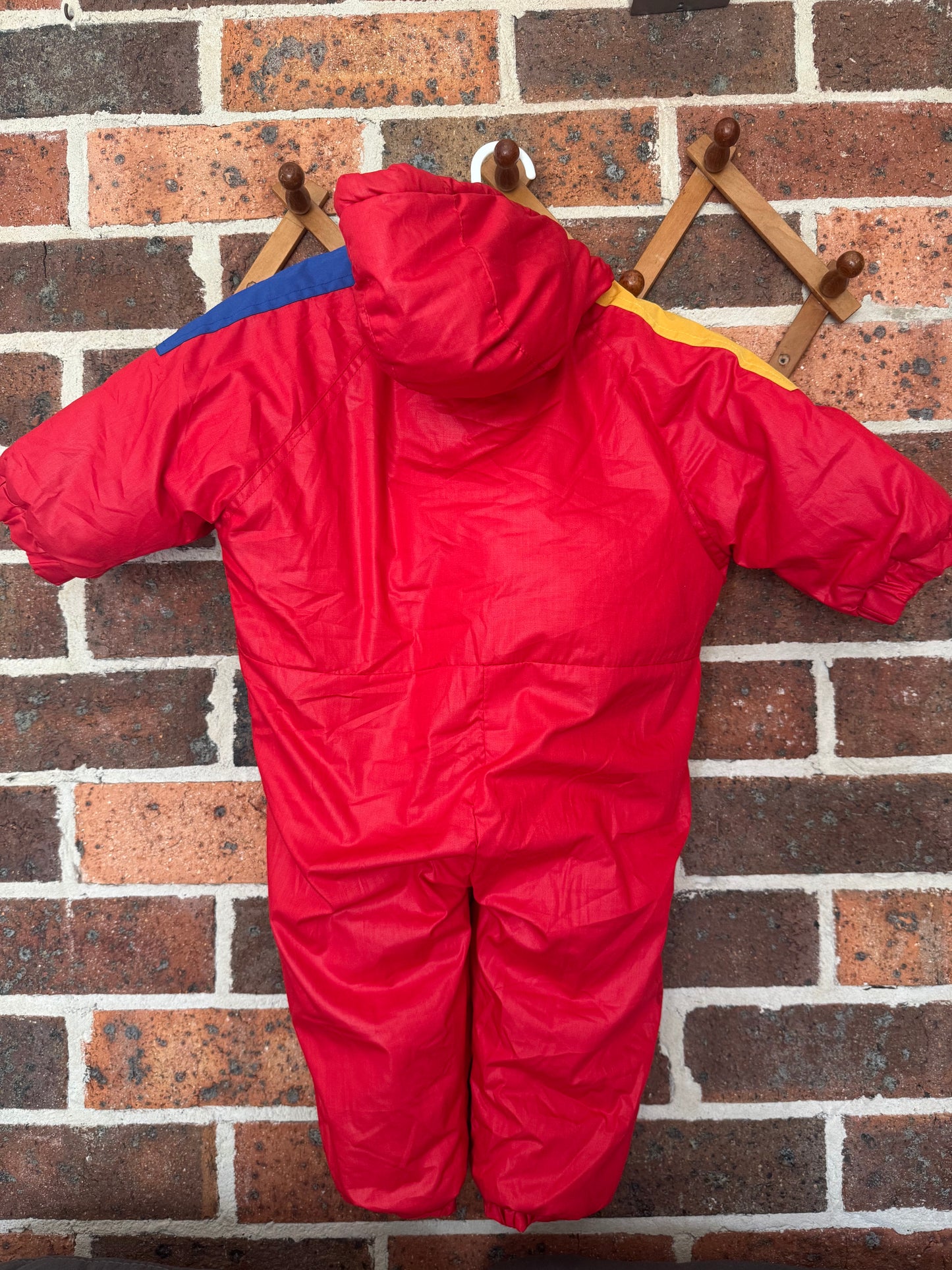 Vintage snowsuit size 1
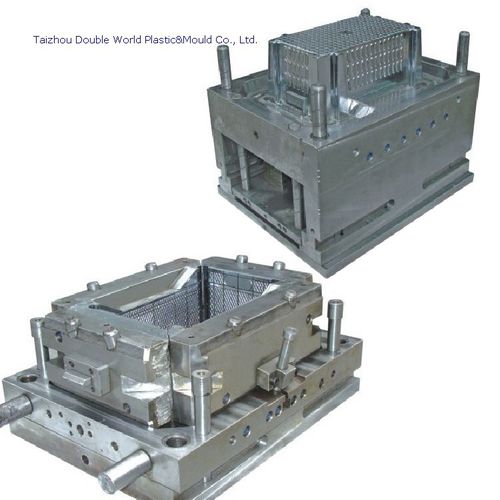 Molde de inyección de plástico con una cavidad - DDW-CRM010 - Taizhou Double World Plastic&Mould Co., Ltd. - para cajas / para la industria del embalaje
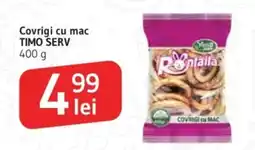 Supeco Covrigi cu mac TIMO SERV Ofertă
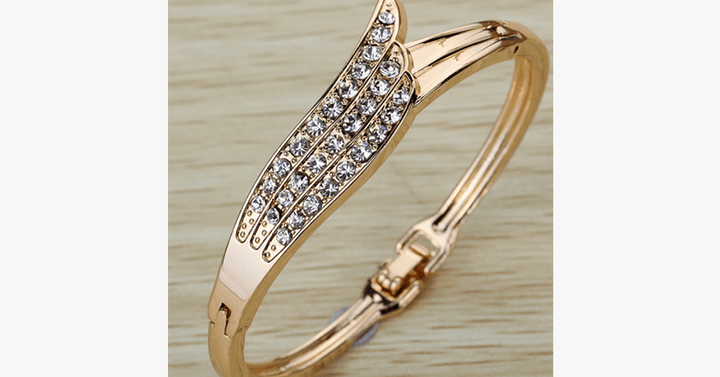 BowLift | Angel Wing Bracelet - Perfect for special occasions
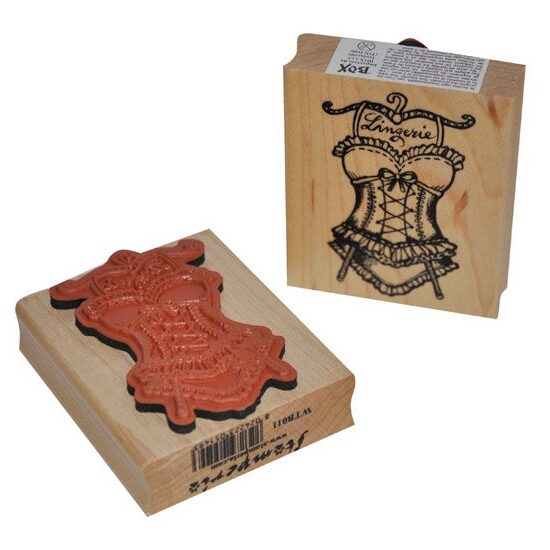 WTB011 - Stampila lemn -7.5X6.3cm - Stamperia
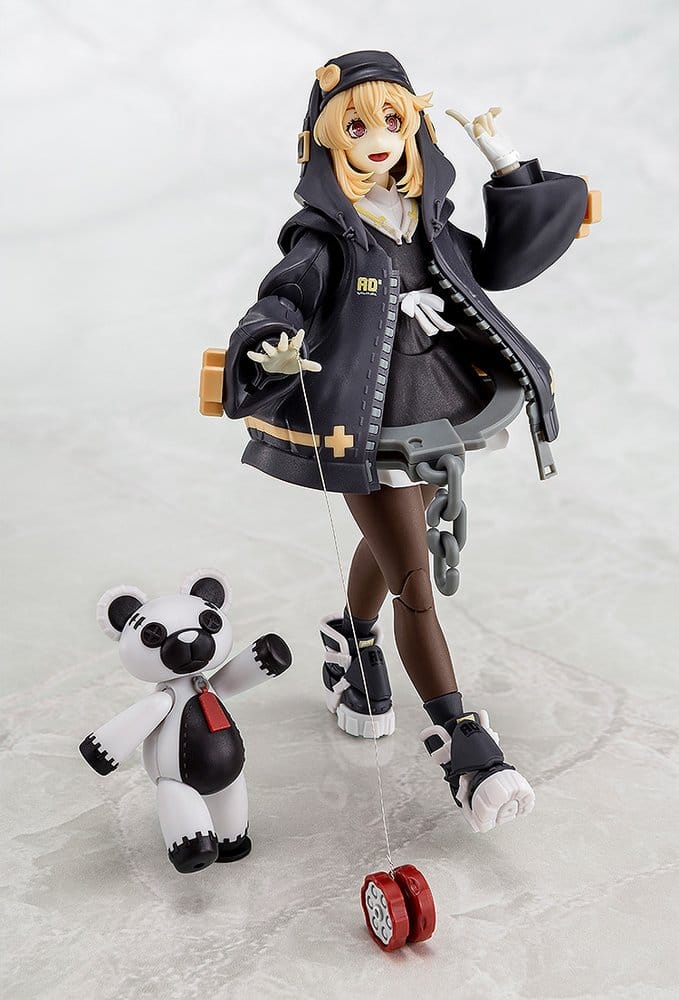 Guilty Gear Strive Maqueta Plastic Model Kit Bridget Articulated Black Color Ver. 14 cm - Z POP Toys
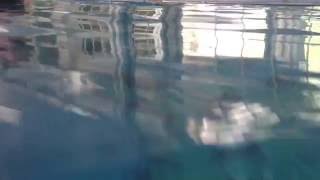 Занятие в бассейне при спинальной травме.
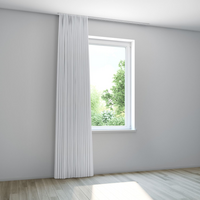 Jaloustore Vorhang Mykonos Weiss - Vorschau 11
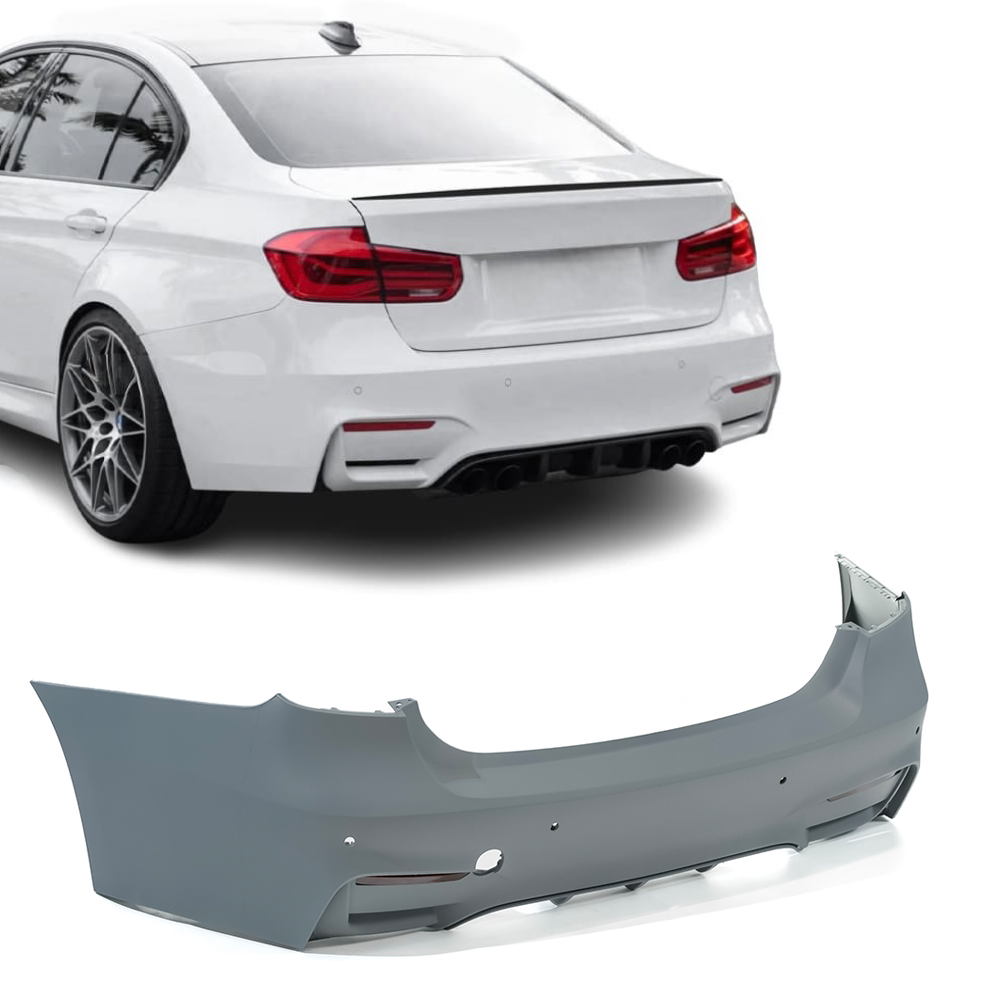 BMW F30 Sedan, M3-look rear bumper, PDC.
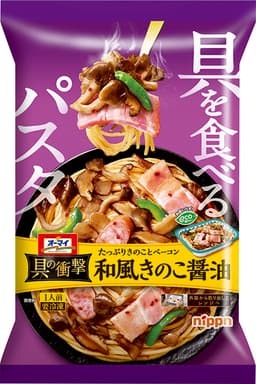 ニップンのオーマイ　具の衝撃　和風きのこ醤油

----

▸ INSTRUCTIONS FOR THE TASK
Produce an exact copy of every line above, with the images left out.

▸ TASK RESULT
 Vintage snowsuit size 1
 Molde de inyección de plástico con una cavidad - DDW-CRM010 - Taizhou Double World Plastic&Mould Co., Ltd. - para cajas / para la industria del embalaje
 Supeco Covrigi cu mac TIMO SERV Ofertă
 BowLift | Angel Wing Bracelet - Perfect for special occasions
 WTB011 - Stampila lemn -7.5X6.3cm - Stamperia
 Guilty Gear Strive Maqueta Plastic Model Kit Bridget Articulated Black Color Ver. 14 cm - Z POP Toys
 Занятие в бассейне при спинальной травме.
 Jaloustore Vorhang Mykonos Weiss - Vorschau 11
 BMW F30 Sedan, M3-look rear bumper, PDC.
 ニップンのオーマイ　具の衝撃　和風きのこ醤油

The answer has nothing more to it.